▶ Raw data
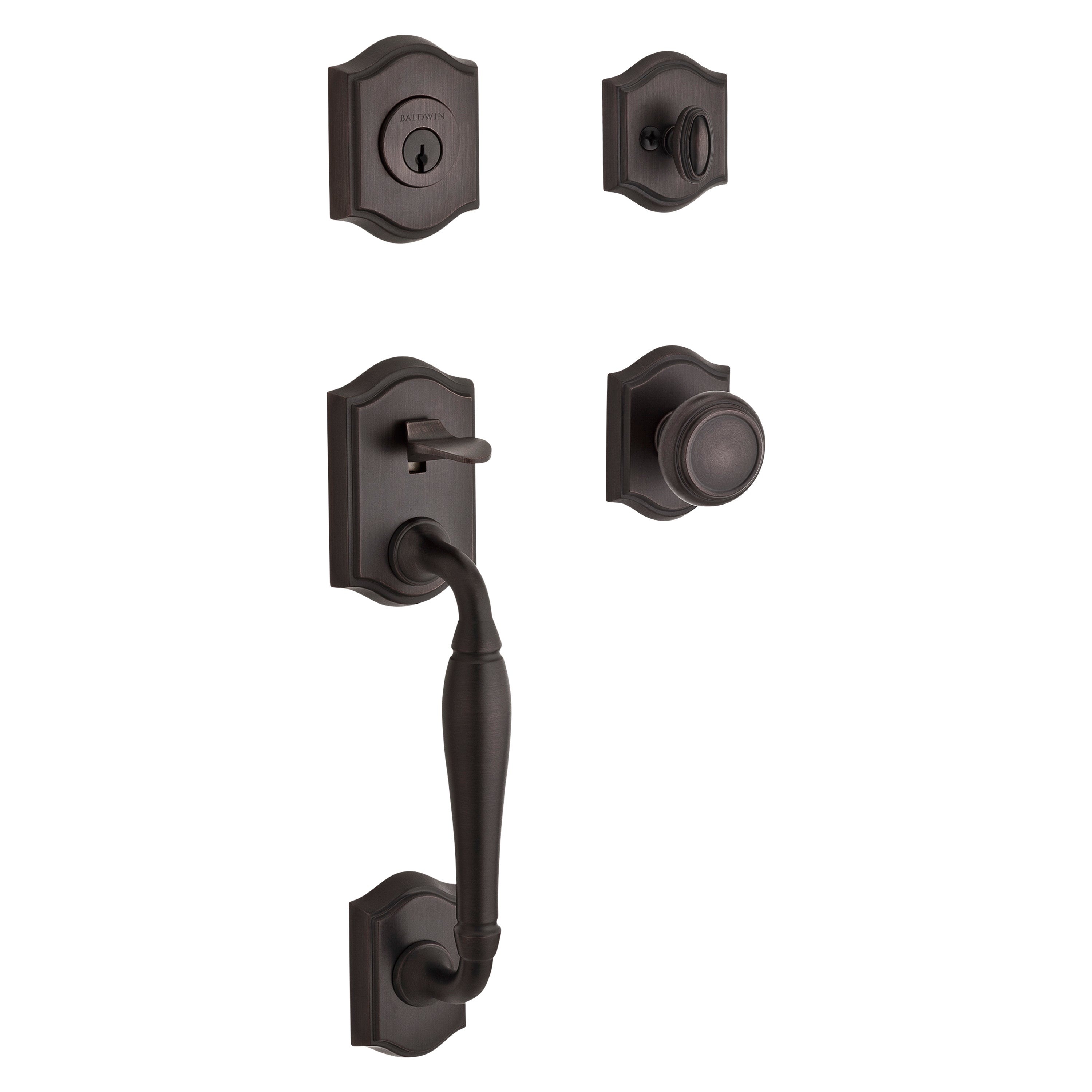 Baldwin Reserve Westcliff Single Cylinder Handleset With Traditional Knob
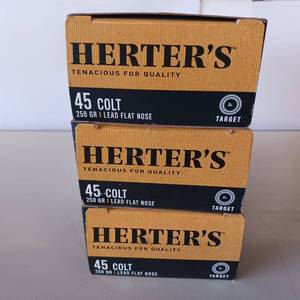 lot 72 image: HERTERS 45 COLT 250 gr TARGET FLAT NOSE  lot of 3 boxes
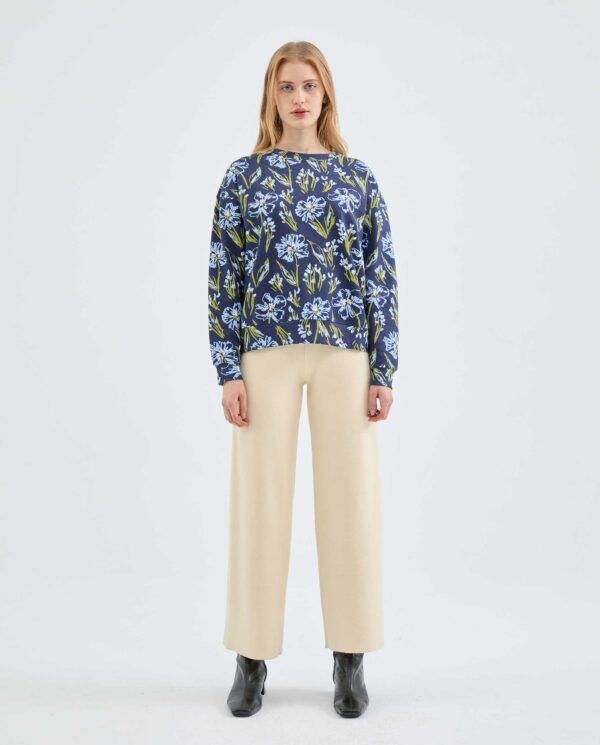 Sudadera de felpa con estampado floral azul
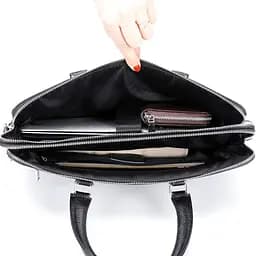 Шкіряна чоловіча ділова сумка-портфель чорна Tiding Bag 30987 38 см - мініатюра 2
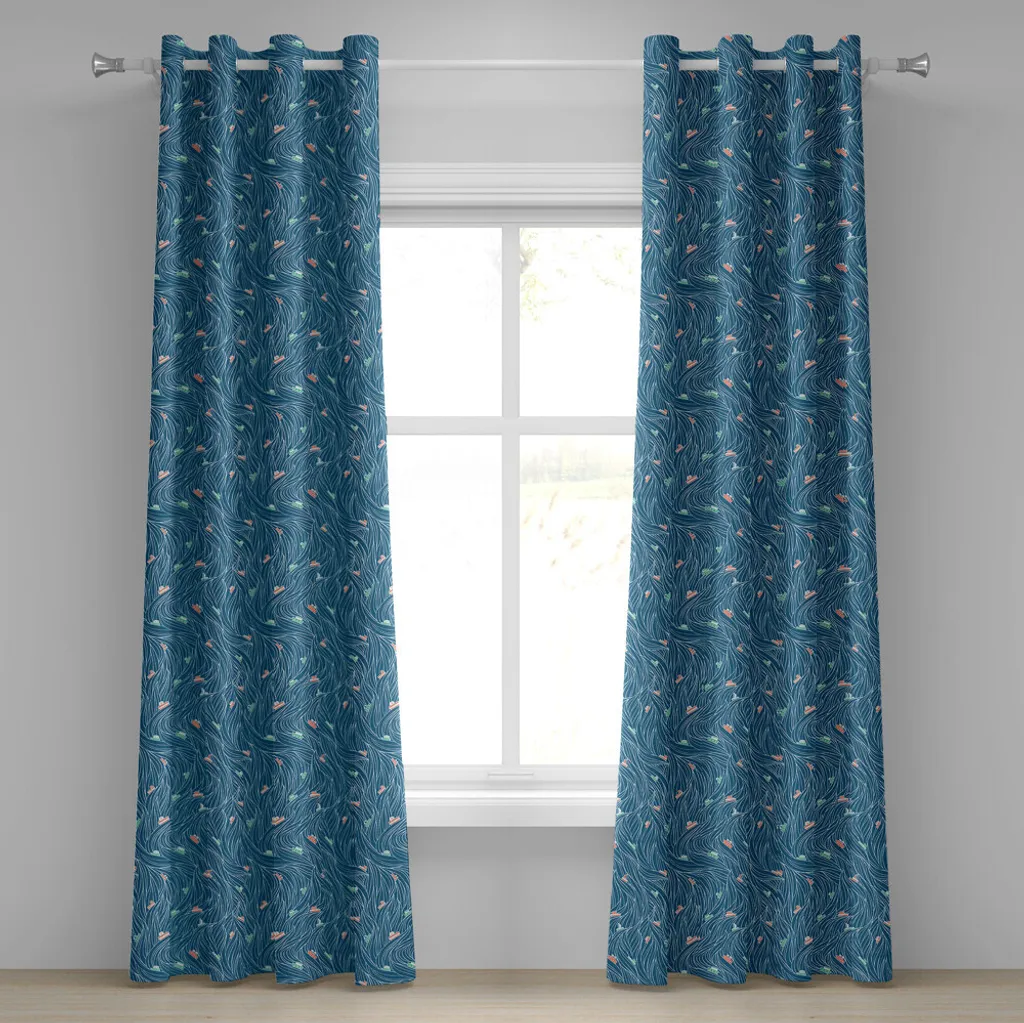 Rideau à œillets nautique 280x175 cm ABAKUHAUS motif voilier bleu pétrole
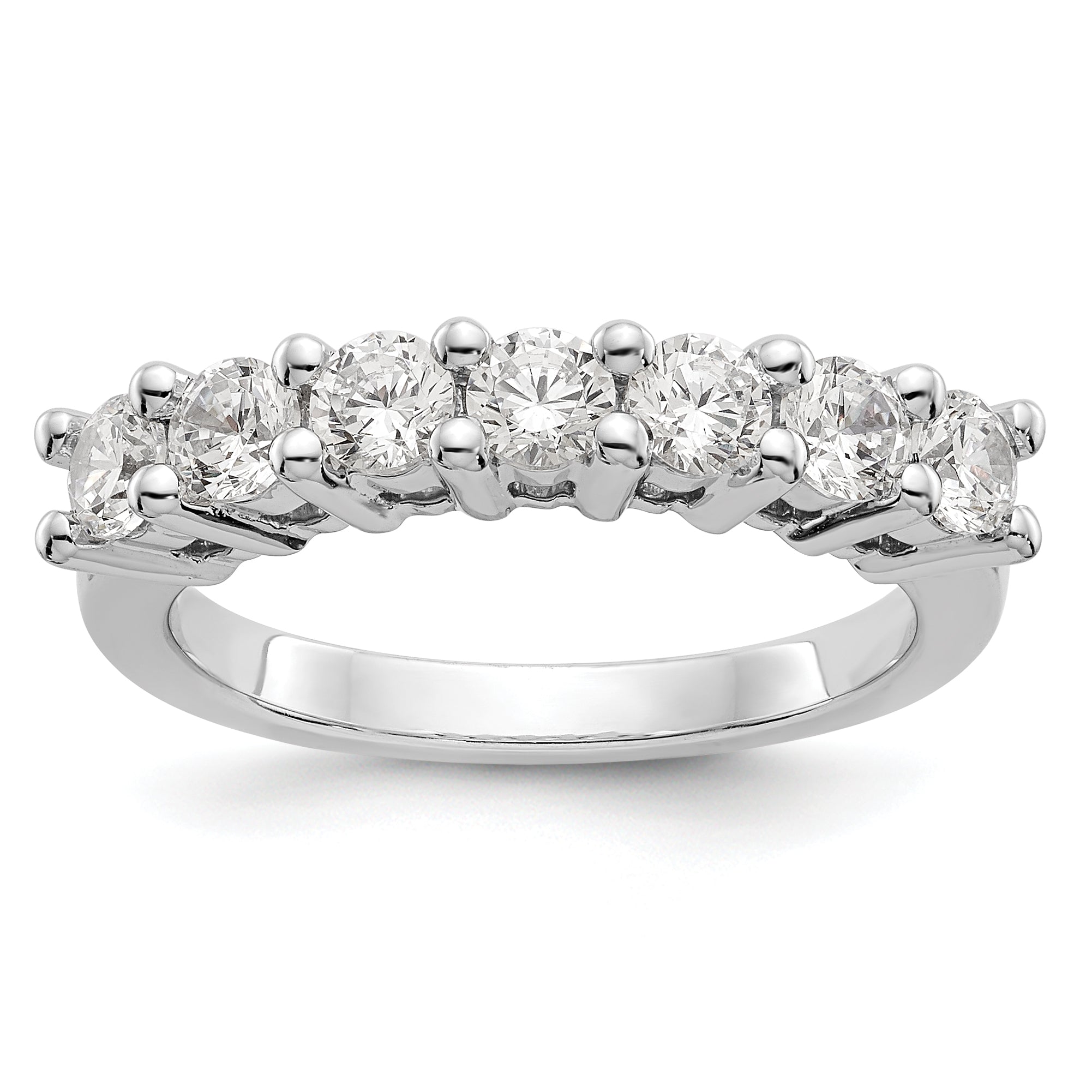 14K White Gold 7-Stone Shared Prong (Holds 7-3.0mm Round) Diamond Band Mounting (No Stone Included)
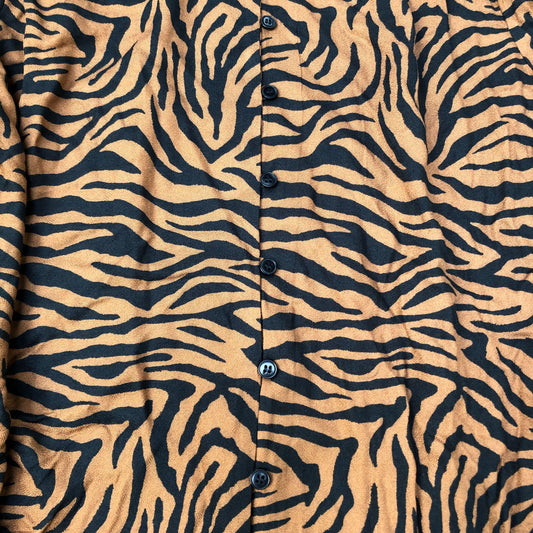 Tiger Print Blouse Women's Loose Fit Long Sleeve Size UK10 Viscose Casual Top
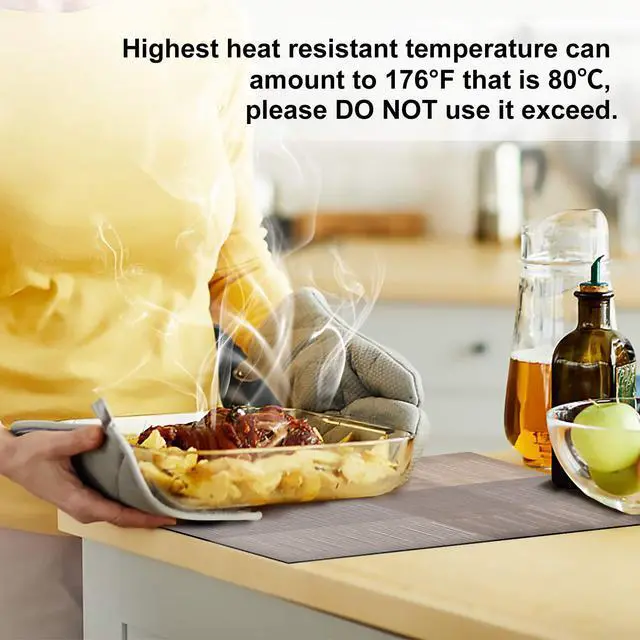 Alt view image 3 of 7 - Placemats, Placemats Set of 6, Heat Resistant Place Mats, Washable PVC Table Mats, Woven Vinyl Plastic Placemats for Dining Table, Non-Slip Stain Resistant Kitchen Table Placemats Easy to Clean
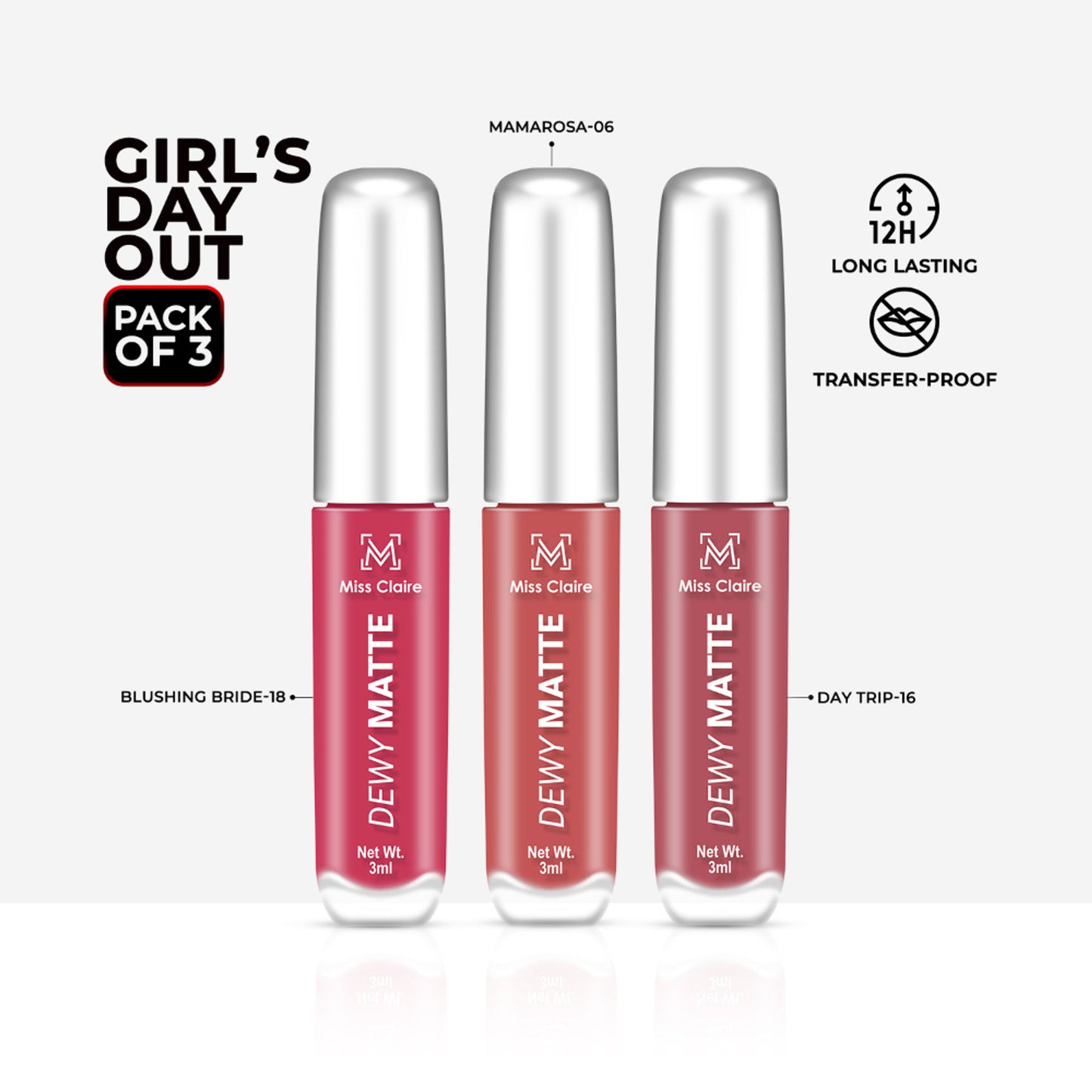 Miss Claire Dewy Matte Lip Combo Set - Girls Day Out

▶ Task goal
Skip the pictures, then retype every line above exactly.

▶ Solution to the exercise
 Baldwin Reserve Westcliff Single Cylinder Handleset With Traditional Knob
 lot 72 image: HERTERS 45 COLT 250 gr TARGET FLAT NOSE  lot of 3 boxes
 Sudadera de felpa con estampado floral azul
 Шкіряна чоловіча ділова сумка-портфель чорна Tiding Bag 30987 38 см - мініатюра 2
 Rideau à œillets nautique 280x175 cm ABAKUHAUS motif voilier bleu pétrole
 14K White Gold 7-Stone Shared Prong (Holds 7-3.0mm Round) Diamond Band Mounting (No Stone Included)
 Tiger Print Blouse Women's Loose Fit Long Sleeve Size UK10 Viscose Casual Top
 Alt view image 3 of 7 - Placemats, Placemats Set of 6, Heat Resistant Place Mats, Washable PVC Table Mats, Woven Vinyl Plastic Placemats for Dining Table, Non-Slip Stain Resistant Kitchen Table Placemats Easy to Clean
 Miss Claire Dewy Matte Lip Combo Set - Girls Day Out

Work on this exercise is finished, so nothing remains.